One thing that's freaked me a bit about the WIR is that when I started the sequel, set 5 years later, the two people I thought would be married, were no longer living together, but were still involved. They just hadn't seen each other for many months and that took me aback. I had no idea where it came from. So where I thought I'd left them, part of the WIR's ending, wasn't really how it ended. So to speak.

Date: 2005-12-05 11:31 am (UTC)
From: [identity profile] sollersuk.livejournal.com
Well, I more or less know what sort of thing is going to happen because I'm constrained by history - come to think of it, no, I don't (I'm currently doing a lot of nerdy essays on my lj moving towards explaining that what I thought I knew isn't necessarily so). What I absolutely don't know is what is going to happen on the way!
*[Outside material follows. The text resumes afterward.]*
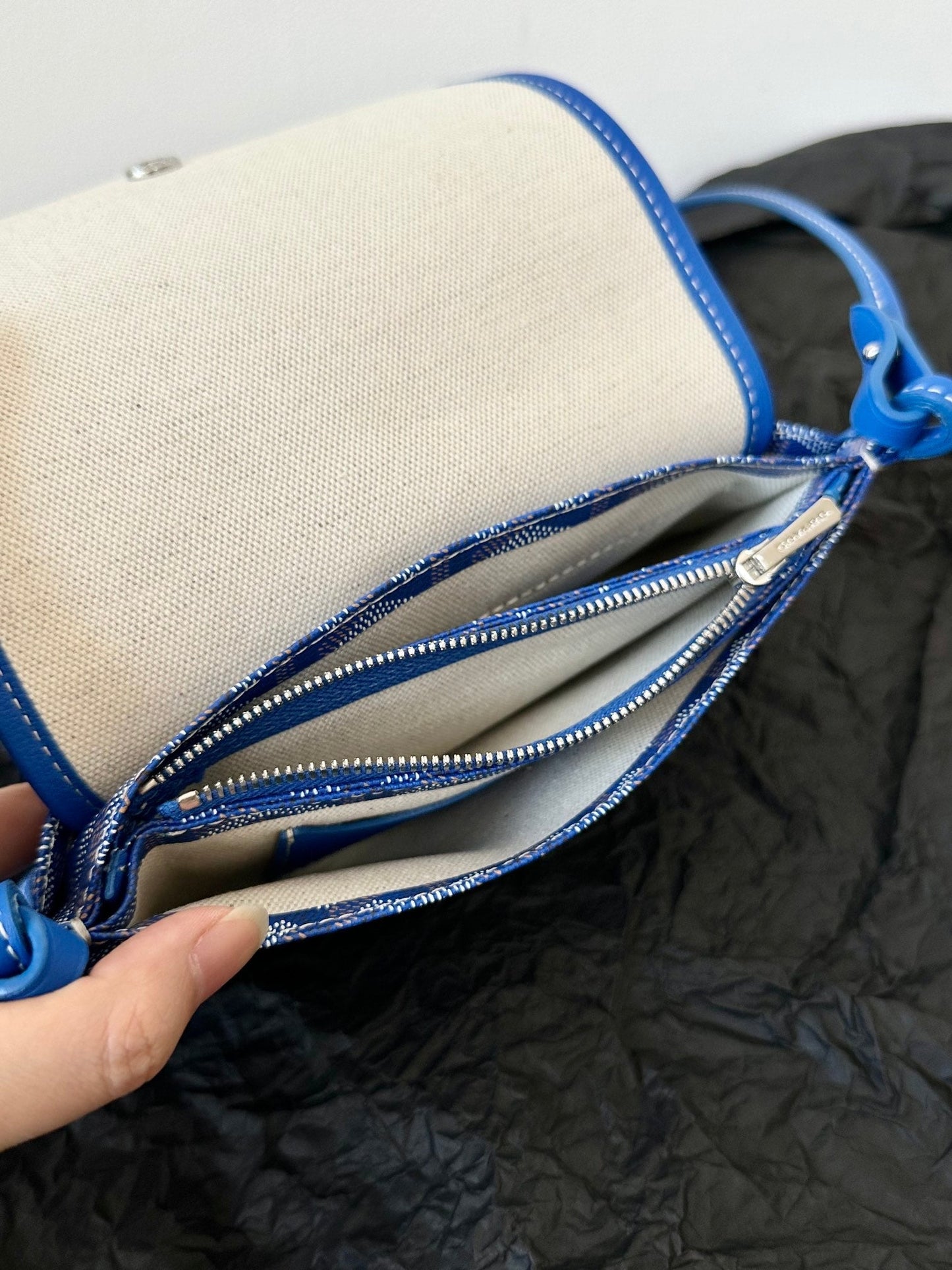 Portefeuille de poche Plumet 20 en toile Goyardine bleu saphir et garniture en cuir d'agneau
Date: 2005-12-05 12:37 pm (UTC)
From: [identity profile] everyonesakitty.livejournal.com
Good post, dude. I usually have a vision of some sort of big dramatic moment that I write to. It's not the ending, necessarily, but it's the big choice/moment of the book and I build to it. I never know what my characters will choose until they get there, though. And sometimes the choice itself changes dramatically as I go.

This is not an easy way to write, but it seems to be the only thing I can work. hehe. prolly 3/4 through the process I come up with what I think you're talking about, an actual sentence or moment that will end the book. Those are always really hard for me and I change them a bunch. *sigh*

Date: 2005-12-05 12:54 pm (UTC)
From: [identity profile] sollersuk.livejournal.com
*gloom* paper recycling bin full of earlier draft because I've just been finding things out as I go...

Date: 2005-12-05 01:08 pm (UTC)
From: [identity profile] nycshelly.livejournal.com
Yeah, it is cool. I had a lot of trouble with the WIR. I knew something was wrong, but it took 2 tries to fix it. The second time, I left it alone for many months and then, bam, all was clear, at least where the problem was (the protagonist needed a personality transplant). There's nothing more important, IMO, than the care and feeding of one's backbrain. :)

Date: 2005-12-05 02:13 pm (UTC)
From: [identity profile] kmkibble75.livejournal.com
I sometimes do the same thing. I may not know what the climax will be when I set out writing a story, but I'll know what I want the last phrase, the last image, to be.

And I totally agree that a good beginning is harder to write than a good ending.

Date: 2005-12-05 02:19 pm (UTC)
From: [identity profile] sollersuk.livejournal.com
No, no, I assure you I'm doing my bit.